### ASSIGNMENT
Could the entries below be reproduced exactly, with the images removed?

*** EXCERPTED RECORDS Section Begins ***

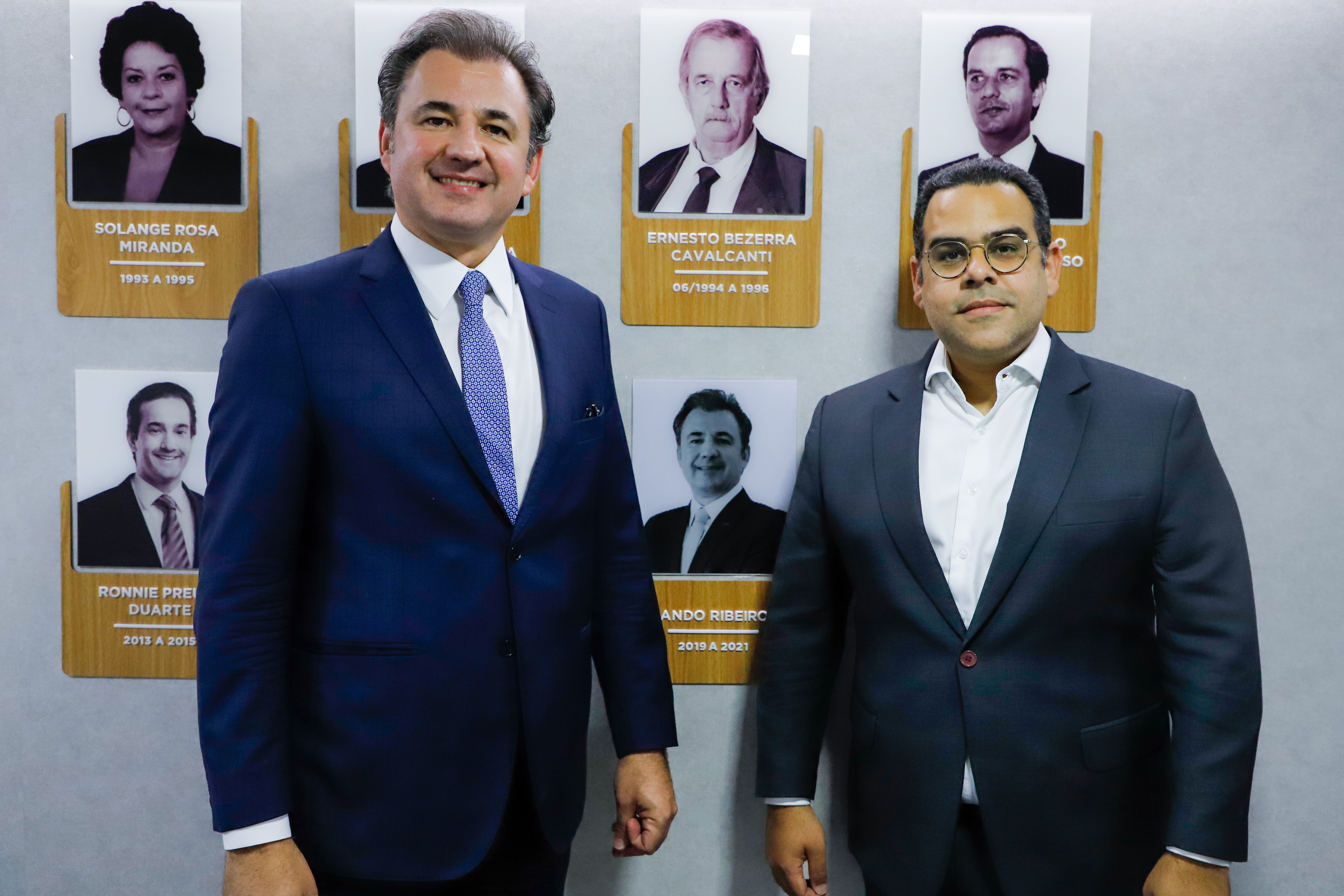 Aposi&ccedil;&atilde;o da foto de Fernando Ribeiro Lins na galeria de Ex-Presidentes da CAAPE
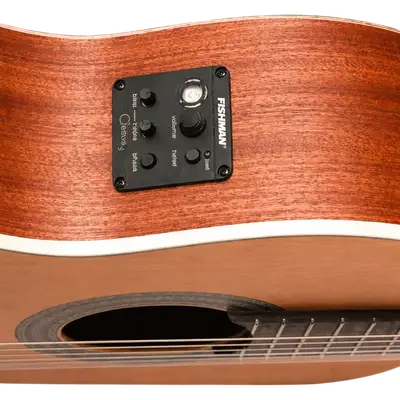 GUITARRA ELECTROCLASICA 39", CON EQ FISHMAN, COLOR NATURAL ACABADO MATE, TAPA DE CEDRO MACIZO, FONDO Y AROS DE WENGUE, CUERDAS D ADDARIO, INCLUYE BOLSO DE 10MM DE ESPESOR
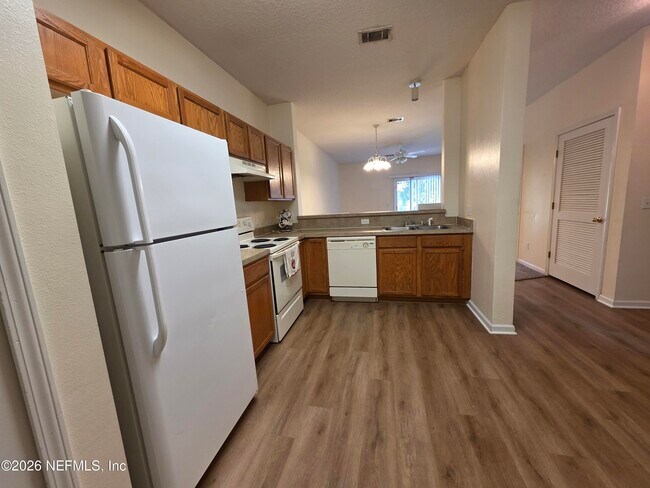 Foto del edificio - 7818 Melvin Rd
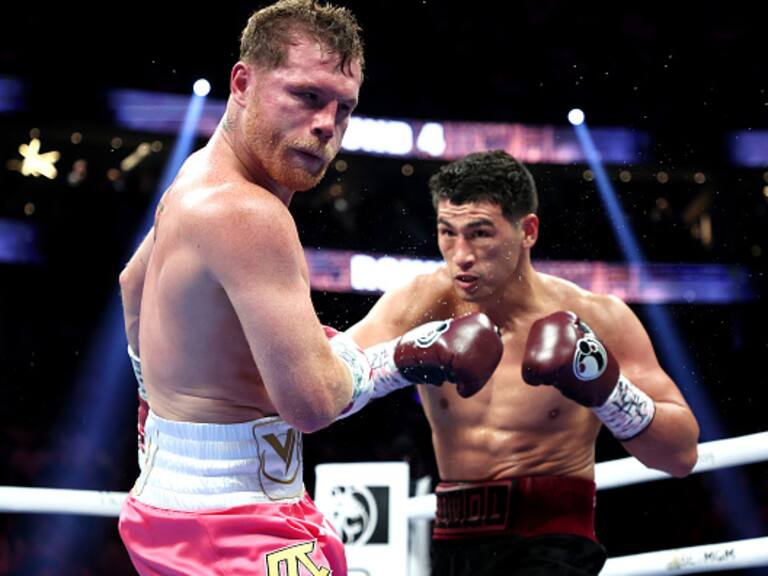 Canelo no pudo ante el poderío del ruso Bivol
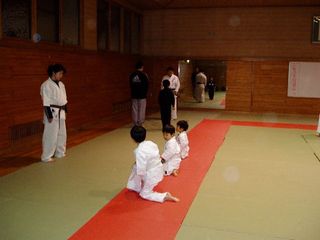 賑わい..._c0118332_23112577.jpg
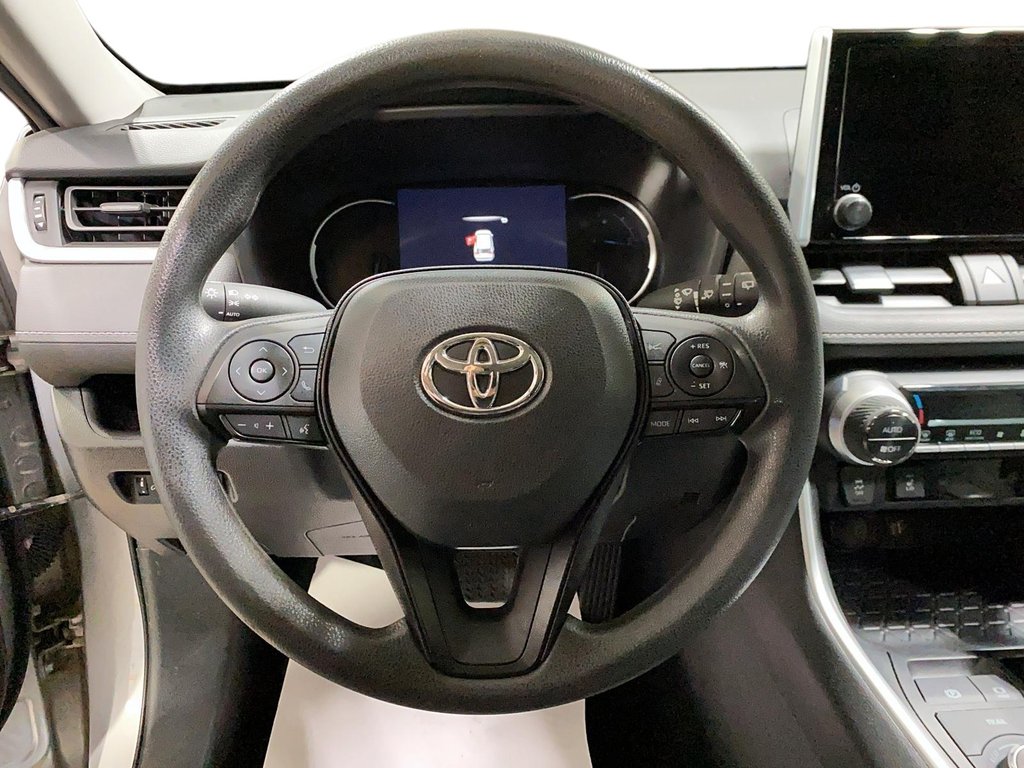 Toyota RAV4  2023 à Jonquière, Québec - 14 - w1024h768px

*** EXCERPTED RECORDS Section Ends ***

### OUTPUT BELOW
 Aposi&ccedil;&atilde;o da foto de Fernando Ribeiro Lins na galeria de Ex-Presidentes da CAAPE
 GUITARRA ELECTROCLASICA 39", CON EQ FISHMAN, COLOR NATURAL ACABADO MATE, TAPA DE CEDRO MACIZO, FONDO Y AROS DE WENGUE, CUERDAS D ADDARIO, INCLUYE BOLSO DE 10MM DE ESPESOR
 Foto del edificio - 7818 Melvin Rd
 Canelo no pudo ante el poderío del ruso Bivol
 賑わい..._c0118332_23112577.jpg
 Toyota RAV4  2023 à Jonquière, Québec - 14 - w1024h768px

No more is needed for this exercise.